Baca: Apa Kata Erick Thohir Soal Kesiapan Indonesia Jadi Tuan Rumah Olimpiade?
"Konsep keamanan nasional sudah merupakan lampu merah yang harus diperbaharui. Apabila tidak segera diselesaikan dan ditempatkan pada tataran regulasi yang lebih tinggi tingkatannya, dikawatirkan dapat menyebabkan terjadinya mispresepsi tentang pengelolaan keamanan nasional yang berujung tidak memberi kontribusi positif bagi penataan ulang sektor keamanan nasional Indonesia dimasa mendatang," kata Pontjo Sutowo.

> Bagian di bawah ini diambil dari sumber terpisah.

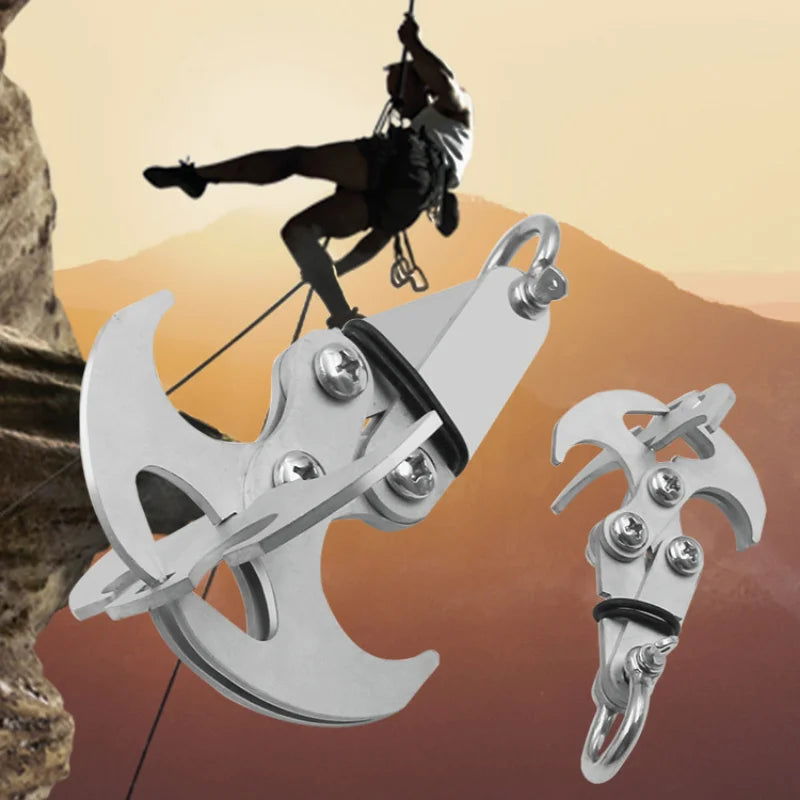 Folding Grappling Hook Multifunctional Stainless Steel Survival Outdoor Climbing Claw Carabiner Camping Gear Multitool Edc Gear - Slobuy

Sementara itu Hasjim Djalal menyatakan, perkembangan internasional dari konflik di Laut Cina Selatan dapat berimbas negatif bagi Indonesia. Sekalipun Indonesia tidak termasuk negara yang bersengketa di Laut Cina Selatan, seperti Cina dan Cina-Taipei, Filipina, Malaysia, Brunai Darussalam, Vietnam.
"Imbas bagi Indonesia baru terjadi jika 9 garis putus-putus Cina/Cina-Taipei bersinggungan dengan ZEE dan landas kontinen Indonesia. Meskipun demikian, dari awal secara tidak resmi, Cina telah mengakui Natuna adalah wilayah RI dan tidak memiliki masalah dengan Indonesia," katanya.
Rene L. Patiradjawane mengatakan jika perkembangan internasional telah demikian cepat. Perubahan yang membawa AS dan Cina menjadi negara adidaya secara ekonomi dan militer. Padahal sebelumnya kita hanya mengenal 1 negara adidaya saja yaitu AS.
"Perubahan tersebut ternyata menghadirkan persaingan antara keduanya dan menjadi ancaman bagi Indonesia," tuturnya.
Sayangnya masalah krusial tersebut belum disikapi dengan semestinya oleh bangsa Indonesia. Belum ada kesatuan pandangan tentang geopolitik maupun perkembangan geo-ekonomi di antara para elit politik dan kementerian-kementerian di lingkungan pemerintahan. Sebagai akibatnya, masalah yang ada menjadi masalah yang semakin rumit.
"Untuk itu sudah saatnya Indonesia menyatukan pandangan tentang geopolitik dan perkembangan geo-ekonomi agar mampu meminimalisasi ancaman dari perkembangan internasional yang demikian pesat," kata Rene.